Il genere contiene alcune delle più grandi specie di elefante, con altezze che superavano i 4 metri al garrese, tra cui il Palaeoloxodon recki in Africa, l'europeo Palaeoloxodon antiquus caratterizzato dalle zanne dritte, e l'asiatico Palaeoloxodon namadicus. Quest'ultimo, secondo alcuni autori, potrebbe essere stato il più grande mammifero terrestre, anche se le stime sono basate solo su reperti frammentari.[1]
Accanto alle specie di taglia maggiore, sono presenti anche forme nane, la cui dimensione viene collegata al fenomeno del nanismo insulare che si sviluppò soprattutto nel mediterraneo, portando a specie la cui altezza al garrese arriva appena al metro.
Palaeoloxodon veniva in passato considerato un sottogenere di Elephas, ma recenti studi filogenetici ne giustificano l'inquadramento come genere a sé stante.[2]
Le specie nane delle isole del Mediterraneo discendono quasi certamente da P. antiquus, riducendo le dimensioni a causa dell'isolamento dell'ambiente in cui vivevano, che ha comportato una diminuzione della quantità di alimentazione disponibile.
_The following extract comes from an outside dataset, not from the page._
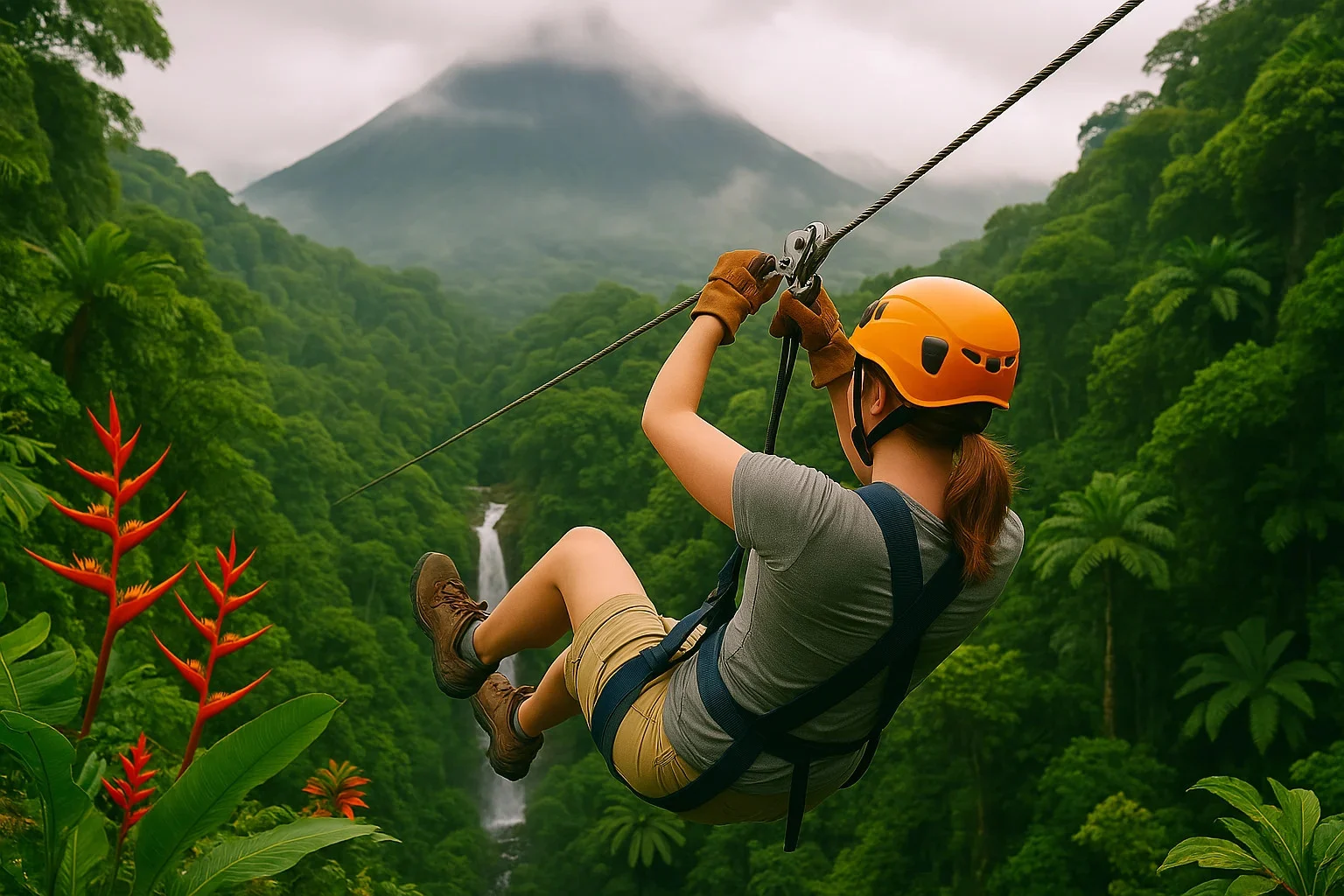 costa rica zipline2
Si ritiene che le specie di Palaeoloxodon avessero un comportamento sociale simile a quello dei moderni elefanti, con femmine e esemplari giovani che vivevano in piccoli gruppi, mentre i maschi adulti conducevano vita solitaria.[3]
Le specie africane di Palaeoloxodon, come pure P. namadicus sono considerate erbivore,[4][5] mentre si pensa che P. antiquus avesse una dieta mista e che oltre alle erbe si dedicasse anche a brucare tenere fronde di albero.[6]
Relazioni con esseri umani
Resti delle specie P. recki, P. antiquus e P. naumanni sono stati ritrovati in siti dove erano presenti anche utensili in pietra o con segni di incisioni nelle loro ossa, indicando che questi animali potrebbero essere stati macellati dopo essere stati cacciati. Questi siti datano da 1,6-1,3 milioni di anni fa, fino a 40.000 anni fa, indicando la presenza di esseri umani sia arcaici che moderni.[7][8][9]